I suppose an AVC is not a bad thing, i vaguely remember some info about the scheme pre-AVC and was annoyed that with planning to work there for a short time, i'd rather they paid me more and fuck the scheme off!


Title: Re: Pensions
Post by: Barry Scott on Wednesday, May 2, 2007, 12:32:57
Quote from: "spacey"


You must have really paid attention when you worked at Zurich! I spent most of my time looking at the clock on the cafe out of the window and playing bowls with the complaints manager using some sweets one of his relatives bought him from Disneyland.


I just remember stuff.  8)
 
Bowls must've been fun, i generally spent my time doing as little as possible, being as late as possible and buttering everyone up enough to not get sacked for doing below minimum work.

They play "Slap-Ball" now. No explanation necessary i feel.


Title: Pensions
Post by: Samdy Gray on Wednesday, May 2, 2007, 12:42:48
What team were you in Barry Scott?


Title: Pensions
Post by: Samdy Gray on Wednesday, May 2, 2007, 12:47:15
Actually, I remember who you are now. Spacey told me at Rovers.


Title: Pensions
Post by: Barry Scott on Wednesday, May 2, 2007, 12:50:49
CS3 I believe? Natalie Telfer was the boss.

We've spoken, i was going to introduce myself, because it was specifically you i had to speak to. Think you were having a bad day, so left it at that.  :D


Title: Pensions
Post by: Barry Scott on Wednesday, May 2, 2007, 12:52:53
Quote from: "sam_stfc"
Actually, I remember who you are now. Spacey told me at Rovers.


Cool bananas. I'm shy and quiet in the flesh and generally look like i'm scowling, well so i'm told.  8)


Title: Pensions
Post by: neville w on Wednesday, May 2, 2007, 13:01:44
Quote from: "Barry Scott"

Btw, incase you were wondering, i used to work at Zurich as a customer service agent, so i know pensions inside-out, upside-down and back to front.

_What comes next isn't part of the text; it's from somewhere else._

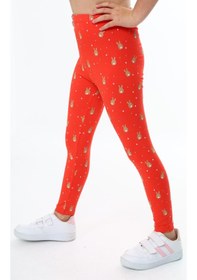 Resim Toontoy Kids Toontoy Kız Çocuk Tavşan Baskılı Tayt Nar Çiçeği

Outside of that i have and always will be an investor on some level, but don't take that to be a comment making myself out to be the "big man" or someone important, i ain't despite how i may try to sound.  :)


No, I wasn't wondering, you clearly know the subject, and thanks for some of the clarification.

I still quite fancy the idea of "free money" from the Government (tax relief) and the employer, and I'm reluctantly prepared to forfeit flexibility and some mickey taking charges to get that. I'm also further down the life track than someone just making their first pension decisions, which definitely colours the thinking.


Title: Pensions
Post by: Samdy Gray on Wednesday, May 2, 2007, 13:02:43
Quote from: "Barry Scott"
Think you were having a bad day, so left it at that.  :D


Every day is a bad day in this place.